The Octagon Theatre, Bolton; Monday 4th June, 2018
When his friends complain that they are are never going to be able to afford the lads’ holiday that they’re all itching to go on, crafty garage mechanic Don hatches a scheme that can’t possibly go wrong: they’ll all use their professional skills to do up an old bus and drive it all the way to sunny Athens.
And so begins the epic story behind Summer Holiday: the tale of four mechanics who depart their bus garage in Bolton on a very special route across Europe, taking in all manner of sights and adventures along the way.
Based on the 1963 film starring Cliff Richard, The Octagon’s adaptation of Summer Holiday is studded with some of the best-known classic pop songs that literally define the hipster 1960s: The Young Ones; Living Doll; and of course the famous title track itself.

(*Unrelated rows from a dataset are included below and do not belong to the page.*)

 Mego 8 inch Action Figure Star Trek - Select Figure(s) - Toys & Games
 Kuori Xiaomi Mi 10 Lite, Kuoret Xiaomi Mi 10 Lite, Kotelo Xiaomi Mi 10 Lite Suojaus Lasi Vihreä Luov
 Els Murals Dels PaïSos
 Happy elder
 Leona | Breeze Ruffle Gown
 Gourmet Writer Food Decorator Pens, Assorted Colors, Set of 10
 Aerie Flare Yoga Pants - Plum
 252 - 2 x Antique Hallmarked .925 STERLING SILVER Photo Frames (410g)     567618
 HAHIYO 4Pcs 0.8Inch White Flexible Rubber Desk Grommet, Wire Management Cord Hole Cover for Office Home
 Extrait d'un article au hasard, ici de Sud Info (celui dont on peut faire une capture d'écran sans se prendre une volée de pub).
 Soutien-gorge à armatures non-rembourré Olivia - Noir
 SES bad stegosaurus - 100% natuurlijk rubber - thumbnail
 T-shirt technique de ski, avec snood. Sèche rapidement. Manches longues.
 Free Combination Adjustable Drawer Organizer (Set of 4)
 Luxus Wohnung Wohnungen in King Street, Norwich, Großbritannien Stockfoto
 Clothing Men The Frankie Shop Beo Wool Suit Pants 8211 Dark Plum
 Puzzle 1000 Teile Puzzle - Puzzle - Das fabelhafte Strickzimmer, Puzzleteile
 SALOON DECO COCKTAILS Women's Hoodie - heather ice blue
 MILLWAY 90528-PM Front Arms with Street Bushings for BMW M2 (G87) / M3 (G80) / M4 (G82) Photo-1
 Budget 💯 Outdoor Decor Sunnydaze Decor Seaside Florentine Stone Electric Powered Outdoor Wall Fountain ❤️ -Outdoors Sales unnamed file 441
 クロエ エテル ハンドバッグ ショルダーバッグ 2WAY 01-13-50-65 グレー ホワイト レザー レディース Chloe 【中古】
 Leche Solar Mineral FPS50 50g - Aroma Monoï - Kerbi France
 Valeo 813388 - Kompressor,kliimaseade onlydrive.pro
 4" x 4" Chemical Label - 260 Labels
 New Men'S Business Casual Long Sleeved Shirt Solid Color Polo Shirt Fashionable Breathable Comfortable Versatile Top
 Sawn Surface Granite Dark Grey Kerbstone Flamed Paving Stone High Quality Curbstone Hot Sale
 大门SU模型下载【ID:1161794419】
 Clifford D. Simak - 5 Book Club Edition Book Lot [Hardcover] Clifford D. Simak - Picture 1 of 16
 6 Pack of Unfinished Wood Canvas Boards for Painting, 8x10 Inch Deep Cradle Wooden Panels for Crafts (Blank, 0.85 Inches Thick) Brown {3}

In an unusual twist, the opening scenes take place in an actual bus station: Bolton’s very own Interchange, just across the road from The Octagon. As the hundred-odd audience members cram into a cordoned-off section, the performers sing and dance their way through the opening act, all of it broadcast on the station’s loudspeaker system – much to the disbelief (and delight) of ordinary commuters trying to make their way home.
And just as soon as the four fun- and sun-seeking garage mechanics have agreed to set off on the first leg of their journey, they immediately drag the entire audience along with them – on a fleet of six buses that end up at the steps of Bolton Town Hall for Act Two. There’s plenty of singing, clapping and head-bopping fun along the way, all topped off with the rather delicious pleasure of being allowed to press the bell on the bus as many times as you like without getting told off.
Finally, after having (rather conveniently) picked up a trio of stranded musicians / dancers / singers outside the town hall, the summer holiday journey moves on as performers and audience together make the short walk to the main stage at The Octagon. It’s all quite exciting, there can’t be too many shows where you can stop for a selfie with the actors right in the middle of a performance.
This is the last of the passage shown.